Notice: Undefined index: message in /data/www/html/helppages/cpanel/question_level.php on line 6


I have variables on this page that sometimes I send values into and sometimes I don't. When I don't I get this error. How can I avoid this issue. It would be very cumbersome to put a null value into a variable everytime I needed it to not have a value.

Thank you.

Kid Charming
08-23-2006, 05:02 PM
Test your values before you use them:



if( isset($array['index']) )
{
//use $array['index']
}
else
{
//don't use $array['index']
}

JJ0117
08-23-2006, 05:07 PM
They aren't always arrays that I am using. They are also just plain variables holding one value. So do I have to do the isset for each variable? For example, the variables below are being declared in one of my php files that is called by a number of different pages. So one page may be sending in the levelonesave and not the leveltwosave. So the $leveltwosave = $_POST["leveltwosave"]; gives this error.

$levelonesave = $_POST['levelonesave'];
$leveltwosave = $_POST["leveltwosave"];
$levelthreesave = $_POST["levelthreesave"];

$levelonedelete = $_POST["levelonedelete"];
$leveltwodelete = $_POST["leveltwodelete"];
$levelthreedelete = $_POST["levelthreedelete"];

$newlevelone = $_POST["newlevelone"];
$newleveloneheading = $_POST["newleveloneheading"];
$newleveltwo = $_POST["newleveltwo"];
$newleveltwoheading = $_POST["newleveltwoheading"];
$newlevelthree = $_POST["newlevelthree"];
$newlevelthreeheading = $_POST["newlevelthreeheading"];

$questions = $_POST["questions"];

$heading=$_POST['heading'];
$newheading = $_POST["newheading"];
$description=$_POST['description'];
$newdescription=$_POST['newdescription'];

$one = $_POST['level1'];
$two = $_POST['level2'];
$three = $_POST['level3'];

$error = 0;

Kid Charming
08-23-2006, 05:13 PM
Right. You need to make sure $_POST["leveltwosave"] is set before you try to put it into another variable:



if( isset($_POST["leveltwosave"]) )
{
$leveltwosave = $_POST["leveltwosave"];
}
else
{
$leveltwosave = NULL; //or '' or whatever
}


The ternary operator (http://us3.php.net/manual/en/language.operators.comparison.php#language.operators.comparison.ternary) is also nice for this sort of checking.

JJ0117
08-23-2006, 05:20 PM
Okay - I didn't realize that I had to do that for each variable. That's goign to make my code so much longer. Thanks for the info.
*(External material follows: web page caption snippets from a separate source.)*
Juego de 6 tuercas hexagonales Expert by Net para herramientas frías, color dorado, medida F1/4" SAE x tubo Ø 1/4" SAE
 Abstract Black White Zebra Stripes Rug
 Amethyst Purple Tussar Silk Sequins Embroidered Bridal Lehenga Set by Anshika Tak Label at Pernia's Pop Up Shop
I also have some code that is doing a count based on what is in a result set. But I am getting this same error for some reason. What am I doing wrong here?

$query = "SELECT * FROM questions where level_one='$one' AND level_two='$two' AND level_three='$three' ORDER BY level_one ASC";
$result = mysql_query($query) or die(mysql_error());

$count = 1;
$k=0;
$line = mysql_fetch_array($result);
for($j=0; $j<16; ++$j)
{
$qnumber="question"."$j";
if($line[$qnumber])
{
$count = $count+1;
}
}

Kid Charming
08-23-2006, 05:30 PM
If you don't have a question0, $j should start at 1 instead -- that may be the problem.

JJ0117
08-23-2006, 05:46 PM
Ah - thanks for your help!

maltrecho
08-24-2006, 09:17 AM
In your case, I would rather do the following:


$levelonesave = isset($_POST['levelonesave']) ? stripslashes($_POST['levelonesave']) : "";
$leveltwosave = isset($_POST['leveltwosave']) ? stripslashes($_POST['leveltwosave']) : "";
$levelthreesave = isset($_POST['levelthreesave ']) ? stripslashes($_POST['levelthreesave']) : "";

// go on

and include that file in every page.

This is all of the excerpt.